Since then EVGA has expanded its range of Core i7 motherboards starting with the E756 Micro ATX and moving up to the E757 X58 LE which is a Lite version of the E759 which in turn replaces the E758 X58 SLI we reviewed. The differences between the two models seem to be slight to non-existent. Next we have the E760 X58 SLI Classified and at the top of the tree you'll find the water cooled E769 Classified Hydro Copper with a list price of US $570.
Today we're reviewing the E760 X58 SLI Classified which is a Deluxe version of the X58 SLI. Where the E758/E759 has triple graphics slots you will find the E760 has four slots which means that the E760 supports Tri-SLI with the option of a fourth graphics card that is dedicated to PhysX.
It's worth pointing out that the X58 chipset isn't terribly sophisticated when it comes to PCI Express support so two graphics slots can each have 16 lanes of PCI Express 2.0 but three slots have a x16x8x8 configuration and four slots get eight lanes each.
The E760 has been given a cosmetic makeover and looks quite striking compared to the E758/E759. The most dramatic change is the colour scheme which uses red and black to great effect.

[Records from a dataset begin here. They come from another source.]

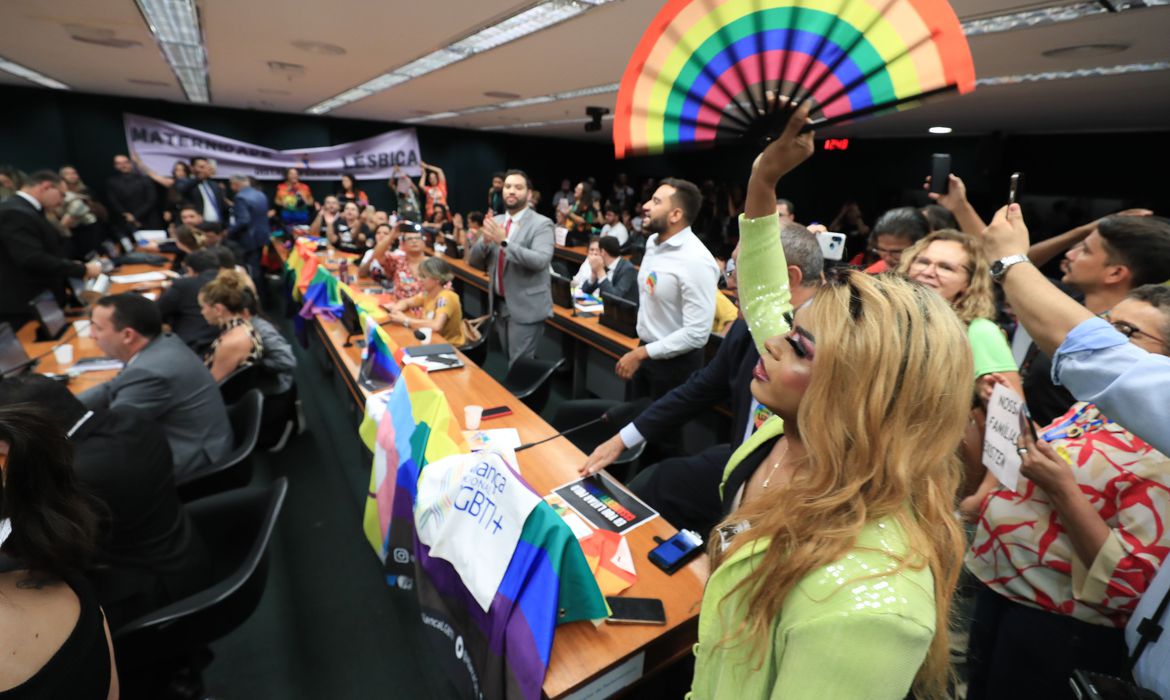 união homoafetiva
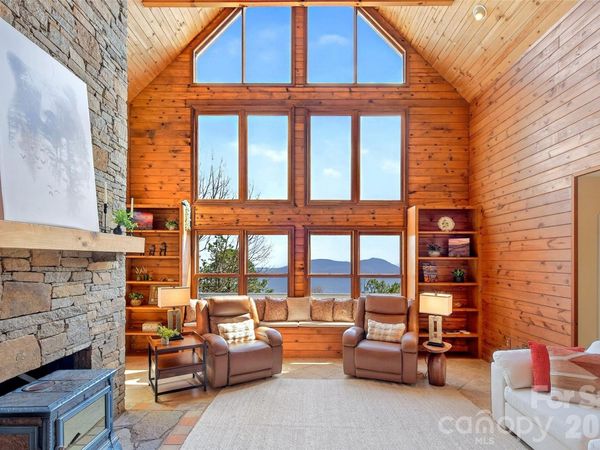 62 Skyline Drive, Old Fort, NC 28762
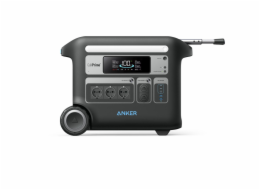 Anker SOLIX F2000 Powerstation 767 Lithium Powerstation 2300W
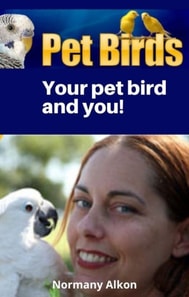 Pet Birds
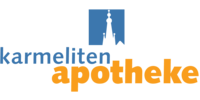 Logo der Firma Karmeliten-Apotheke aus Würzburg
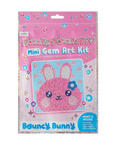 Bouncy Bunny Razzle Dazzle DIY Gem Art Kit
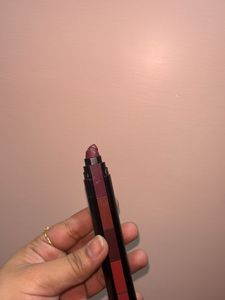 Fab 5 Lipsticks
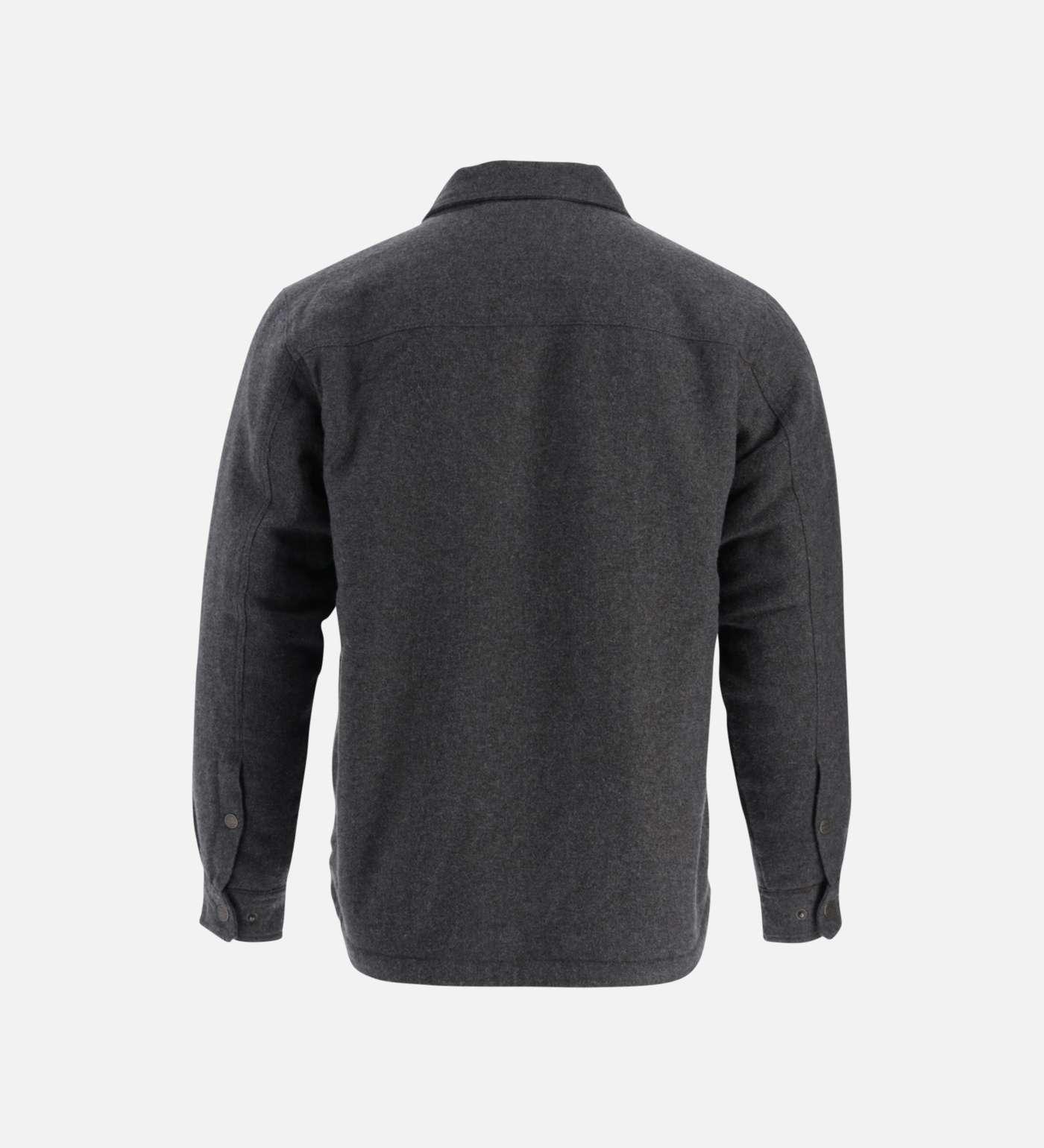 Thorogood Merrill Heavyweight Berber Lined Shirt Jacket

The memory slots alternate red and black, the four graphics slots are red, the PCI and PCI Express x11 slots are black, the six SATA connectors on the ICH10R Southbridge are black and the three SATA connectors on the two add-in JMicron controllers are red.
Across the foot of the board the Power button is red and the Reset button is black, along with red USB headers for the four ports on the supplied bracket. There are eight USB ports on the I/O panel along with dual Gigabit LAN, one Firewire, an eSATA and full surround audio with optical and coaxial digital connections. You also get a Clear CMOS button on the I/O panel for when the overclocking going gets tough.